Return all of the following entries as written, but without the images.

*** WORKING DATA ***

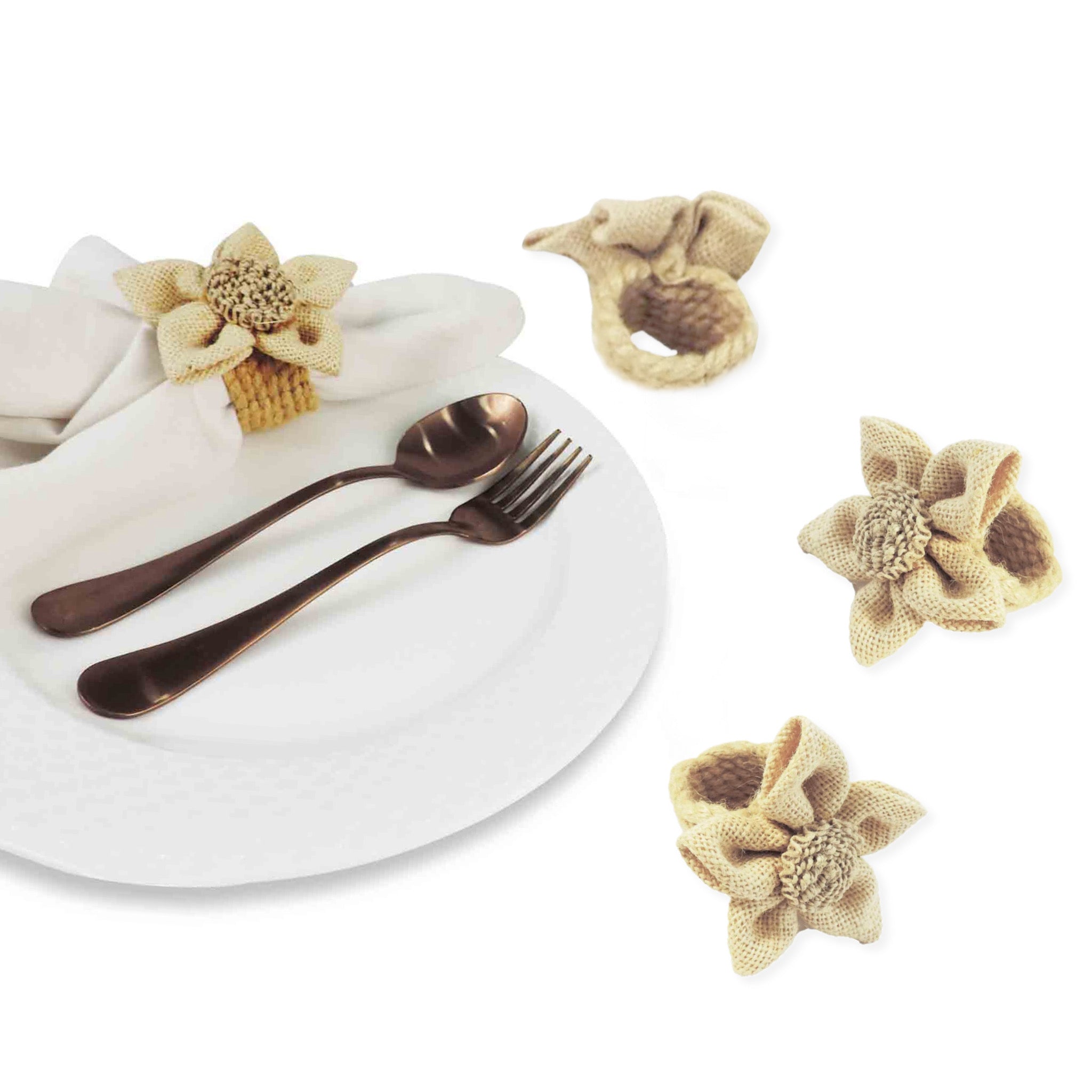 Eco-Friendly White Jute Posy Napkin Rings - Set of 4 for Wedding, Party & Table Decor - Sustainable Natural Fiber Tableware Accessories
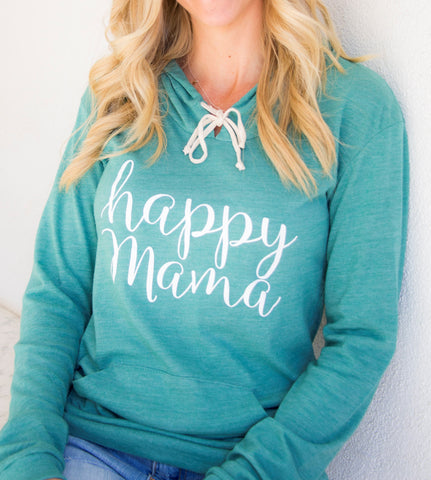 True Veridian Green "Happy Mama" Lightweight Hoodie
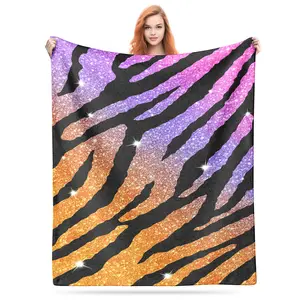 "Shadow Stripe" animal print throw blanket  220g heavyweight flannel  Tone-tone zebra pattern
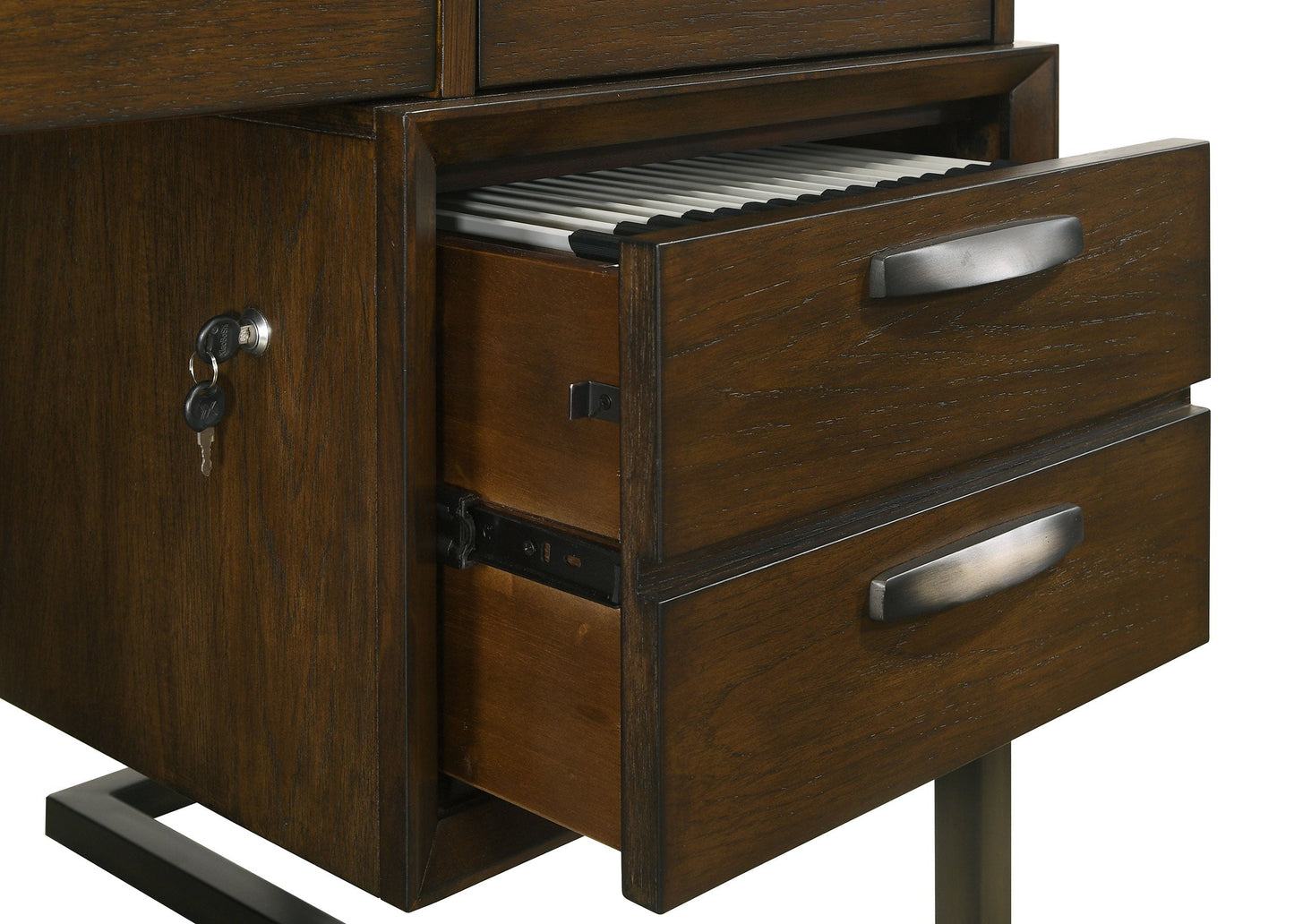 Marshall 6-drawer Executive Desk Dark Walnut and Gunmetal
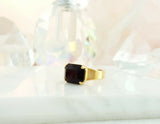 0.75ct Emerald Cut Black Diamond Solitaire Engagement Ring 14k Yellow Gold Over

*** End of WORKING DATA ***

## EXERCISE ANSWER
 Eco-Friendly White Jute Posy Napkin Rings - Set of 4 for Wedding, Party & Table Decor - Sustainable Natural Fiber Tableware Accessories
 True Veridian Green "Happy Mama" Lightweight Hoodie
 "Shadow Stripe" animal print throw blanket  220g heavyweight flannel  Tone-tone zebra pattern
 Marshall 6-drawer Executive Desk Dark Walnut and Gunmetal
 0.75ct Emerald Cut Black Diamond Solitaire Engagement Ring 14k Yellow Gold Over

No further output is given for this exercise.